Les potentialités de sa réhabilitation sont pourtant nombreux, notamment quand on veut envisager la quête de sens, quand on veut donner du sens. Le « sens » a plusieurs significations, il nous renvoie aussi au sensible même si on feint de l’oublier souvent, aux corps, aux liens, et donc à ce qui n’est pas mesurable. A l’intensité, à l’intériorité.
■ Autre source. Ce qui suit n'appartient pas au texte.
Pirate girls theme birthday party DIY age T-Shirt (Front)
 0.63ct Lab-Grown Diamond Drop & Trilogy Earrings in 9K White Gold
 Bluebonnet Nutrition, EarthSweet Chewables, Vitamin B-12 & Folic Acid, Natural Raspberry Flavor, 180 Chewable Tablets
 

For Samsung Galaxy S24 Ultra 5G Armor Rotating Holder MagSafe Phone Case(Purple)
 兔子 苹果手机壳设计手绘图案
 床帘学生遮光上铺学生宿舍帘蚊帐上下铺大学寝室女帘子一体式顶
Et si la volonté de donner du sens (comme on le dit partout) était une manière de réhabiliter l’intuition ? Si cette capacité de dépasser les prescriptions et d’entrer en sympathie avec son environnement professionnel donnait un vrai « sens » au travail ?

Alors je vous propose une petite activité pour les jours qui viennent :

il est bien difficile d'analyser quoi que ce soit aujourd'hui, vous êtes dans l'action, vous décidez à toute vitesse, vous apprenez à suivre votre intuition, à EXPERIMENTER, à écouter davantage, rassurer, ce qui est loin d'être simple en cette période de grande incertitude.
Et si vous preniez 5 à 10 minutes par jour pour noter sur un journal de bord le déroulement de votre journée, de poser sur un papier ou tout autre support les actions que vous avez menées, les interactions que vous avez vécues, les réactions que vous avez suscitées, les questions que vous vous posez?
Le temps de l'analyse arrivera bien assez vite.... La période est une source d'apprentissage, tant personnel que professionnel, tâchons de fournir de la matière à nos futures réflexions.
En attendant... un grand merci à tous ceux qui font tout pour sauver des vies et pour sauver l'activité en général.... Soyez prudents.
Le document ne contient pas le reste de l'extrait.